Example: Akzidenz Grotesque
Akzidenz was designed in 1896 and was used as a model for the typeface Neue Haas Grotesk in 1957. (Neue Haas Grotesk was renamed “Helvetica” in 1960.) The American Red Cross uses Akzidenz Grotesque in their logo.
Neo-grotesque sans-serifs are probably the most popular category of fonts these days. They are the more refined children of grotesques and are cleaner with less stroke contrast. This group contains a fairly broad spectrum of fonts now. Popular examples include Univers and Helvetica.
Example: FF DIN
A derivative of DIN 1451 (the German government standard), FF DIN became immensely popular since it was designed in 1995 by Albert-Jan Pool. In 2011, FF Din was added to the MoMA Architecture and Design Collection. The New York Ballet uses FF DIN for its logo’s typeface.

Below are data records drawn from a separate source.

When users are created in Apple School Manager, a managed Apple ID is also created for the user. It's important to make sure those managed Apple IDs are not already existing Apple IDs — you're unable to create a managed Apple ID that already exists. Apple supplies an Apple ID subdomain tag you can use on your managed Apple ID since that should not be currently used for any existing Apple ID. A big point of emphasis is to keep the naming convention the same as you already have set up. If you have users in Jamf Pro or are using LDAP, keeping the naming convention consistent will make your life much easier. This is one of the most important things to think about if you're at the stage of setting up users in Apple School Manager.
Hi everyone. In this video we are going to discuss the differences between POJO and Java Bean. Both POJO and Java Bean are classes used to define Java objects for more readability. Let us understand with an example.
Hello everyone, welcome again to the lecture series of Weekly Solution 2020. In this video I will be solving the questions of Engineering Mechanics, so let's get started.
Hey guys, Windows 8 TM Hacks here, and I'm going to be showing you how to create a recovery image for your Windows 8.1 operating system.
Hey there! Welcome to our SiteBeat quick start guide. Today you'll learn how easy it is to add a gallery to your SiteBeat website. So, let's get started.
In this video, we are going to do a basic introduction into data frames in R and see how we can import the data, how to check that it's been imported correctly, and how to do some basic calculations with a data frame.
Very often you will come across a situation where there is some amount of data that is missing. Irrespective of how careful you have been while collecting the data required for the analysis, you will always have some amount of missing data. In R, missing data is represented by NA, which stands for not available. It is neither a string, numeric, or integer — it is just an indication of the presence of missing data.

Geometric sans-serifs are inspired by, as the name suggests, geometric shapes. They are usually a combination of rectangles and circular bowls. Popular geometric fonts include Futura and Gotham.

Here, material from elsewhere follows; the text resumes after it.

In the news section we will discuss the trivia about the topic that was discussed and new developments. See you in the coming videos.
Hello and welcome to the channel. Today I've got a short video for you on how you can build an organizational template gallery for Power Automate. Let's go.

Example: ITC Avant Garde Gothic
The ITC Avant Garde Gothic font family was released over the 1970s. The original design was by Herb Lubalin and was based on the logo font used in the Avant Garde magazine. Adidas uses Avant Garde in their logo.
Humanist sans-serifs, like humanist serifs, are influenced by writing and calligraphy. This means a return to line width variation and a less rigid look to the type. Humanist fonts are generally the most readable sans-serifs, especially as body copy. Examples include Verdana, Optima, and Lucide Grande.
Example: Gill Sans
Gill Sans took its inspiration from Edward Johnston’s Johnston typeface for the London Underground signage. Eric Gill created Gill Sans in 1926 by drawing from Johnston’s classic style and giving it a modern, cleaner look. The BBC’s logo uses Gill Sans.